Source – analyticsindiamag.com
One of the most dangerous aspects looming the computer world is security threats. It is estimated that around three trillion dollars are lost in cyber crimes every year. This figure is expected to double by 2021. With all of these threats lurking around, it is difficult to track and eliminate every threat, especially as the number of users is rising exponentially.
The most popular among the existing cyber threats now is the distributed denial of service (DDoS) attack. A DDoS attack is a malicious attempt to disrupt normal traffic of a targeted server, service or network by overwhelming the target or its surrounding infrastructure with a flood of the internet traffic. DDoS attacks have adversely affected businesses on a large scale.
Now, with machine learning prevailing in the tech ecosystem, eliminating DDoS attacks has found a new way. In this article, we will lay out a research paper that has used ML techniques to subdue DDoS attacks in systems.
Session Initiation Protocol (SIP) And Voice Over Internet Protocol (VoIP)

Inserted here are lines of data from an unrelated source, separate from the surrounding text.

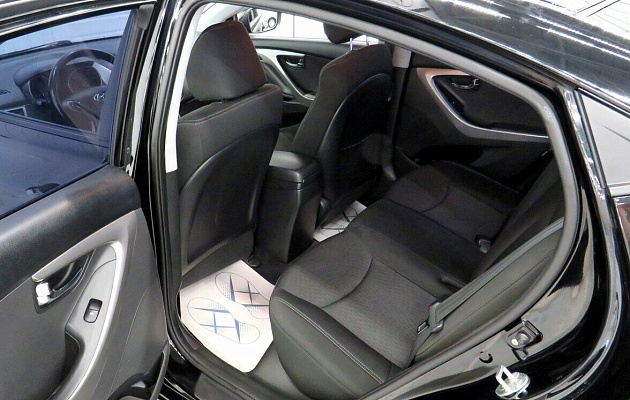 Hyundai Elantra V (MD), фото №6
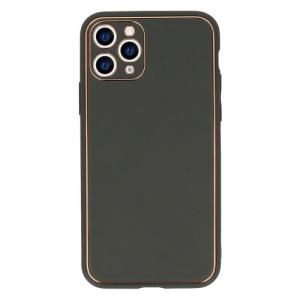 Puzdro Tel Protect Leather TPU Samsung A34 5G - čierne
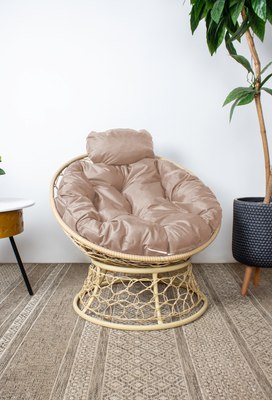 Кресло садовое M-Group Папасан мини / 12890501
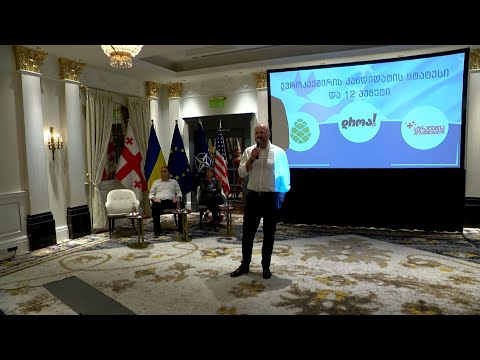EU-ის კანდიდატის სტატუსი და შეუსრულებელი 12-პუნქტიანი გეგმა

Z Tsiatsikas and a team from the University of the Aegean, Greece, have published a new research study in countering DDoS in SIP-based VoIP systems through ML. The reason for choosing VoIP systems is its popularity and spread in the hardware ecosystem. With the growing number of digital devices and the abundant availability of the internet, VoIP is the preferred method for voice and multimedia communications.
In order to establish a VoIP session, Session Initiation Protocol (SIP) is the popular means of initiating and these sessions. A simple version of the SIP/VoIP architecture is given below:
- User Agent (UA): The active entities in the session which represent the endpoints of SIP. For example, in the context of voice communications, the caller and the receiver, which denote the endpoints in the session.
- SIP Proxy Server: An intermediate entity which acts as a client and a server simultaneously during the session. The role of this server is to maintain send and receive requests as well as transfer information to and fro from the users.
- Registrar: This component takes care of authentication and register requests for the UA.
All of the SIP communication is logged by the VoIP provider. This is important because it gives out billing and accounting information for service providers based on users’ activity. Interestingly, it can also give out information regarding intrusion or suspicious activity present in the network. This can be a breeding ground for DDoS attacks if left neglected.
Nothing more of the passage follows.